DIVA

This is a note (and potentially a rant) on the paper DIVA: Domain Invariant Variational Autoencoders, and some thoughts on information bottleneck.

DIVA (Domain Invariant VAE) is proposed with the following generative model: \begin{equation} p(x,y,d,z_y,z_d,z_x) = p(d)p(y)p(z_x)p_{\theta_d}(z_d|d)p_{\theta_y}(z_y|y)p_\theta(x|z_y,z_d,z_x) \end{equation}

where $d$ is the domain, $y$ is the class, $z_d$ is domain-specific, $z_y$ is class-specific, and $z_x$ is all other variation in $x$. The claim here is that $z_y$ only contain class-specific information, it should be domain-invariant. Therefore, if we can infer $p(z_y|x)$, we can use this domain-invariant feature to give prediction about the class.

The inference network is: \begin{equation} q(z_y,z_d,z_x|x) = q_{\phi_y}(z_y|x)q_{\phi_d}(z_d|x)q_{\phi_x}(z_x|x) \end{equation}

The lower bound is: \begin{equation} L=\mathbb{E}_{q(z_y,z_d,z_x|x)}[\log p_\theta(x|z_y,z_d,z_x)] - \beta\mathrm{KL}[q_{\phi_y}(z_y|x)||p_{\theta_y}(z_y|y)] - \beta\mathrm{KL}[q_{\phi_d}(z_d|x)||p_{\theta_d}(z_d|d)] - \beta\mathrm{KL}[q_{\phi_x}(z_x|x)||p(x)] \end{equation}

To further encourage the separation of the latent features, they introduce two auxiliary networks $q_{w_d}(d|z_d)$ and $q_{w_y}(y|z_y)$ to predict the domain and the class from the two latent variables. After training, $q_{w_y}(y|z_y)$ will be used to make the prediction of interest.
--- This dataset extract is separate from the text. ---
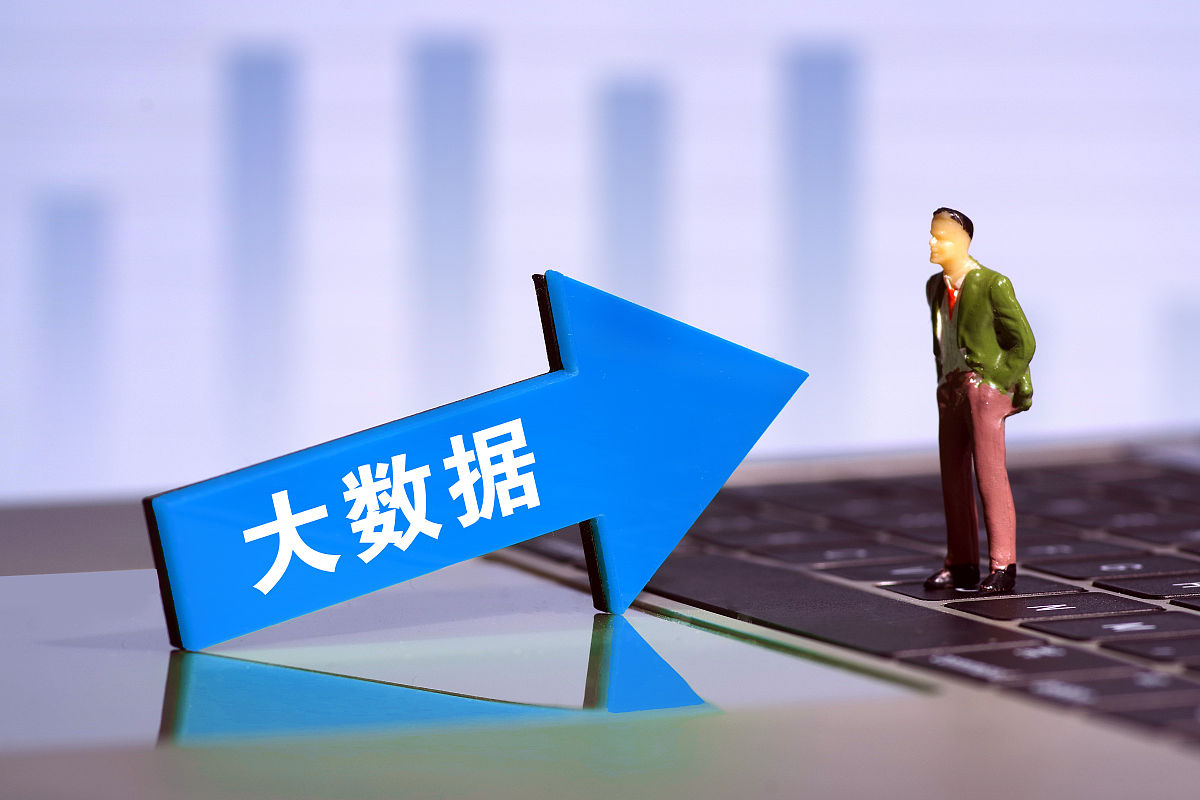 5月9日成飞集成涨停：磷酸铁锂，央企改革，国企改革概念热股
The final objective function is \begin{equation} L + \alpha_d\mathbb{E}_{q_{\phi_d}(z_d|x)}[\log q_{w_d}(d|z_d)] + \alpha_y\mathbb{E}_{q_{\phi_y}(z_y|x)}[\log q_{w_y}(y|z_y)] \end{equation}

The authors also found out that the model stills work well, with even better domain generalization performance, when we remove $z_d$ entirely. I think this totally makes sense when $z_d$ doesn't take part in our predictive distribution.

However, when looking more closely, we can see that only $z_y$ is important for the prediction. The reconstruction of $x$ barely has any apparent effects on the prediction model.

Therefore, intuitively, if we only keep 2 terms of the objective function: $\mathbb{E}_{q_{\phi_y}(z_y|x)}[\log q_{w_y}(y|z_y)]-\beta\mathrm{KL}[q_{\phi_y}(z_y|x)||p_{\theta_y}(z_y|y)] \;(1)$, the model should still perform well. I have tested this model empirically and observed that it reaches the exact performance as the full model. This is totally sensible since as long as we can learn a class-specific feature $z_y$, we can use it to make the prediction well. Note that the reconstruction of $x$ or the learning of $z_x$ and $z_d$ have no effect on the learning of $z_y$.

This questions the construction of VAE in this problem. It brings too much computation without any apparent benefits. The only upside is that we can use it to make use of unlabelled data in a semi-supervised learning. However, as reported by the authors, the gain is very marginal. I think it is not surprising since $z_x$ can be used solely for the reconstruction of $x$, and that $z_y$ can be ignored completely. In order to force the model to use $z_y$ for the reconstruction (and thus it has to learn $z_y$), we need to constrain $z_x$ such that it doesn't contain class information. Maybe we can minimize $I(Z_d,Y)$

Interestingly enough, the objective function in $(1)$ can be rewritten in the information bottleneck lens as the variational lower bound of: \begin{equation} I(Z_y,Y)-\beta I(Z_y,X) \end{equation}